析秋沒想到蕭延亦會問佟正安的事,就半垂著臉答道:“也沒說什麽,家裏人也隻送到二門便不讓送了……隻道先去保定再會永州。”蕭延亦就若有所思的點點頭,轉了臉對蕭四郎道:“保定府那邊的現任知府,你可認識?”
蕭四郎眉頭略蹙,沉吟了片刻道:“在泉州府時曾有一麵之緣,記得姓陳。”蕭延亦就點頭道:“今年回京述職的官員中,並沒有聽說有保定陳大人,明日去吏部查一查。”
蕭四郎就問道:“可是有什麽事?”
蕭延亦答道:“到也沒什麽,聽六妹妹提到保定,問一問罷了。”這位陳大人,能在廣東福建動亂之時,如此平穩的調任,想必背後是有人支撐的,至於是誰他回去查一查吏部的調任書或許就有眉目。

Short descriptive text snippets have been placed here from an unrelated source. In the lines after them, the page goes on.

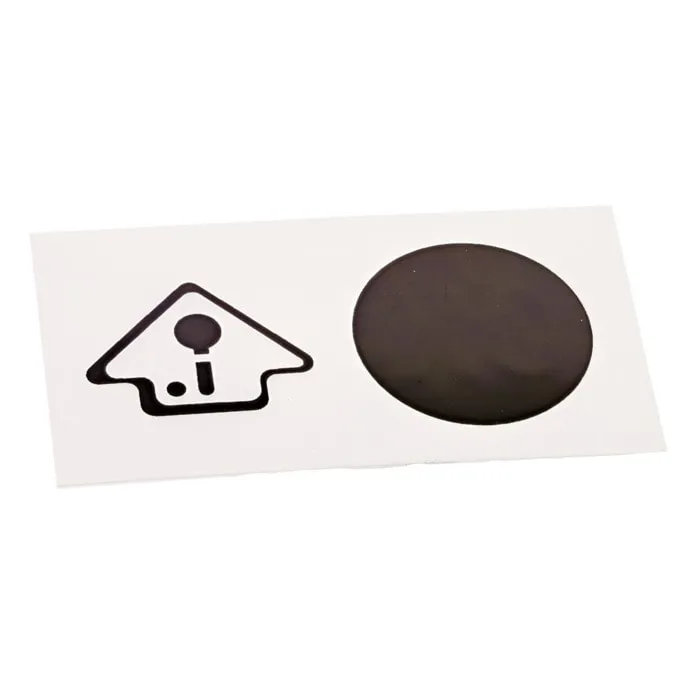 Thermomètre pour réfrigérateur Electrolux 2425327018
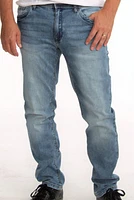 Semi-flared jeans Sergio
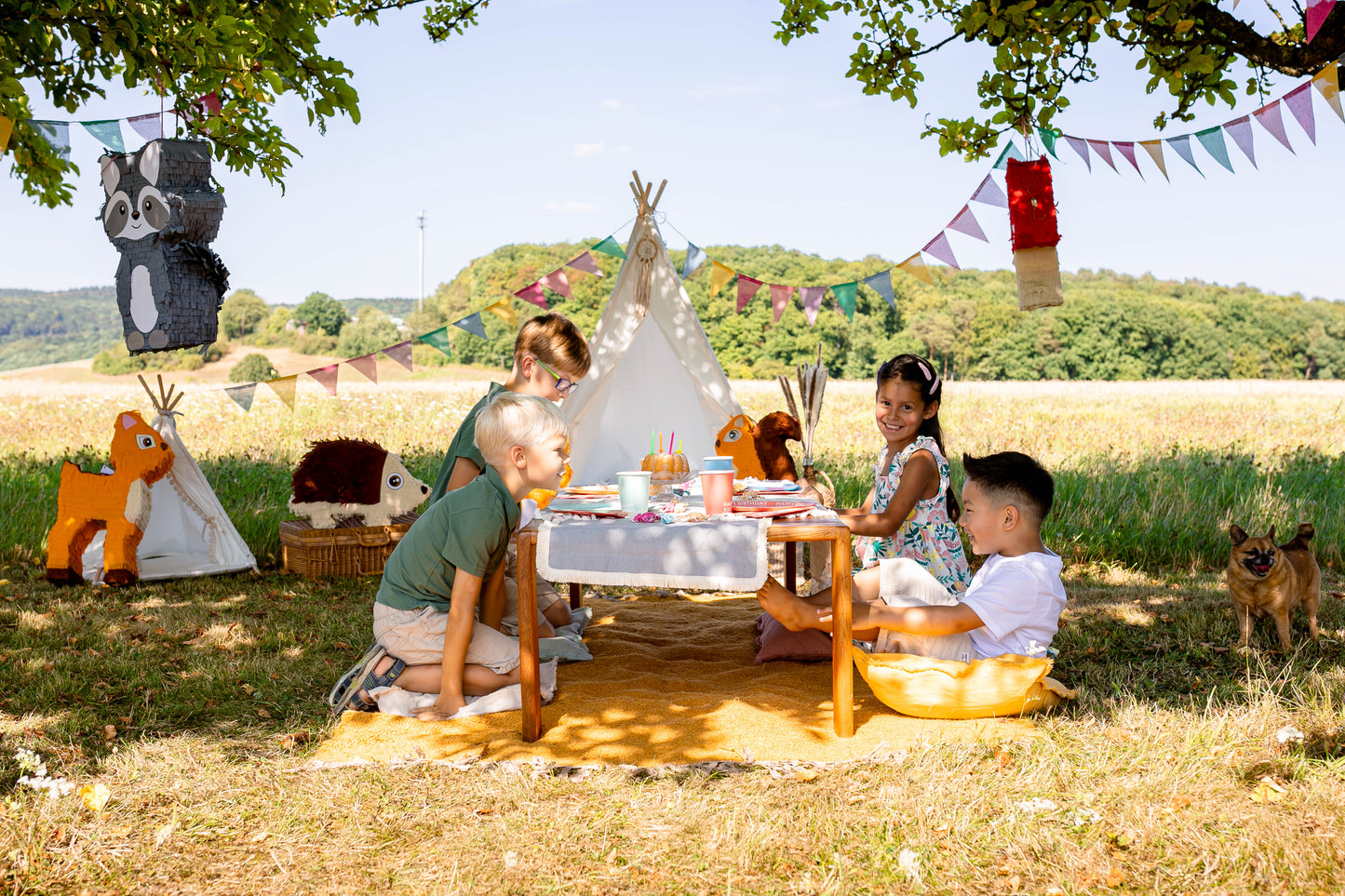 Bambi Piñata image 1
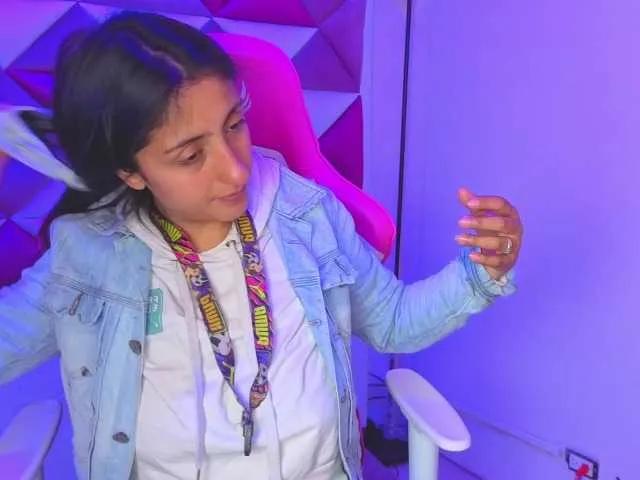 Offline Tokkio777 on BongaCams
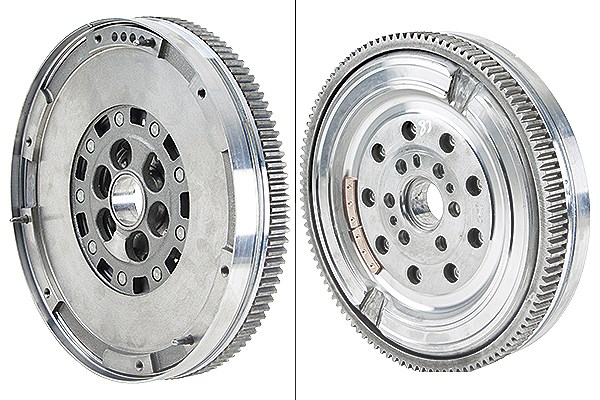 Schaeffler Luk Schwungrad [Hersteller-Nr. 415074910] für Alfa Romeo, Fiat, Suzuki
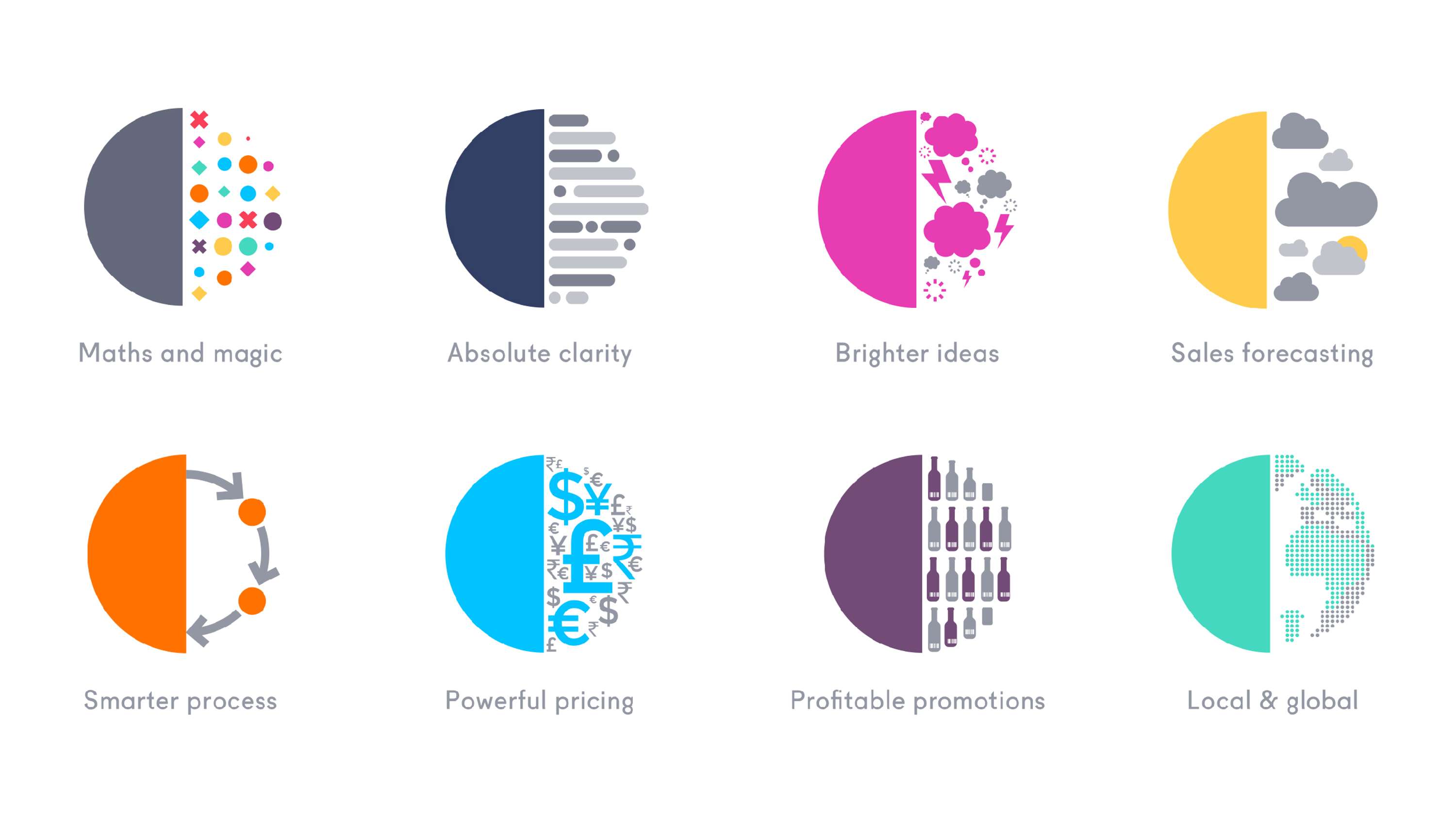 Acumen Identity Design by Craig Lewisohn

蕭四郎目光微微一眯,點了點頭沒有再說話,這邊蕭延箏卻是不滿的道:“四哥好久沒有回來,一回來就談這些?!”蕭四郎就抬眼看著她,眼睛裏有絲冷意:“聽說你前些日子,在任府犯病了?”
蕭延箏一愣,隨即縮了縮肩膀,朝析秋看了一眼,點頭道:“是。”
“好了,好了!”蕭延亦怕蕭四郎當著析秋的麵斥責蕭延箏,就接了話:“你難得在家,也不要說她了,母親也罰過了。”
蕭延箏就點著頭:“我真的沒事,不信你問六小姐。”說著,就拉著析秋的手:“六小姐,你告訴四哥,我當時是不是很快就恢複了?連二嫂都沒有發現。”拚命朝她眨眼間。
蕭四郎就挑著眉朝析秋看去,析秋目光微微一閃,很認真的點頭道:“是。”
蕭延箏就笑眯眯的去看蕭四郎:“你不信我,總該信六小姐吧?!”蕭四郎眉頭略是一蹙,目光再次落在析秋身上,聲音依舊很低沉:“多謝!”
析秋一愣,沒明白他突然而來的道謝。
蕭延箏就笑道:“四哥是在替我謝謝你。”
析秋就看了眼蕭四郎,他依舊是冷著臉坐在對麵,並無多餘的表示,她心裏無奈的歎了口氣,忽然覺得她和人溝通很有障礙。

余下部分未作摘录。